Hey everyone - I haven't done an install in over 10 years, but thought I'd give it a go in my new ride! 

It is a really simple install compared to some of the builds here, but it sounds great and is mostly hidden...

I kept the factory Stereo / Nav / Rear Entertainment system for many reasons, but one main one is the Sync stuff from Microsoft - I love it! 

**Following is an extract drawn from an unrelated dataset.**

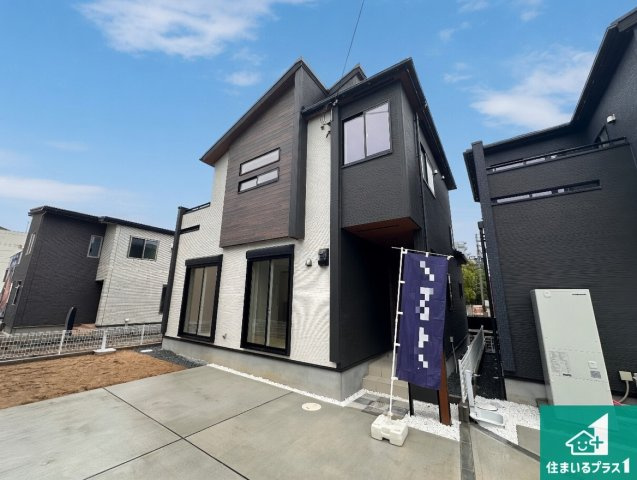 明石市魚住町中尾　新築一戸建ての外観|周辺は落ち着いた街並みの住宅地！子育てがしやすい住環境です！気になることがありましたら、お気軽にお問い合わせください！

Here is my list of things I installed:
JL Audio CleanSweep CL-SSI - Signal Summing Interface
JL Audio CleanSweep CL-441dsp - Digital Signal Processor
JL Audio HD900/5 - Middle / Rear / Sub Amp
JL Audio HD600/4 - Bridged - Front Amp
JL Audio ZR570-CSi - Front Speakers
JL Audio ZR570-CSi - Middle Speakers
JL Audio ZR650-CSi - Rear Speakers
JL Audio CVS112RG-W6v2 - Subwoofer

I also used JL's battery blocks, fuse blocks, cable, etc... 
I Wanted to keep it all the same, made it nice and easy!


----------



## KMC123 (Jun 9, 2010)

Some more pics:











The rear speakers were the hardest - Nothing existed there before, so I had to cut the holes in the trim and the metal behind it. You can see I removed the factory sub / enclosure and used the space for the SSI and DSP, as well as the Amps and the rear crossovers.


----------



## KMC123 (Jun 9, 2010)

Some closer looks at the use of space:


----------



## KMC123 (Jun 9, 2010)

Some of what it looks like now:
Rear:

































Doors:
Front: (You can only see the tweeters on the dash)









Middle Row: (You can only see the tweeters on the doors)









Battery connection:

















Volume, Sub Level Knobs and Status Indicator:









Subwoofer:


----------



## elparner (Oct 20, 2007)

great install, i love how stealth it is, is that box secured?


----------



## KMC123 (Jun 9, 2010)

elparner said:


> great install, i love how stealth it is, is that box secured?


Thanks!

The sub is not secured - It is directly up against the 3rd row seat, and only has about 4" of space between the grille and the back.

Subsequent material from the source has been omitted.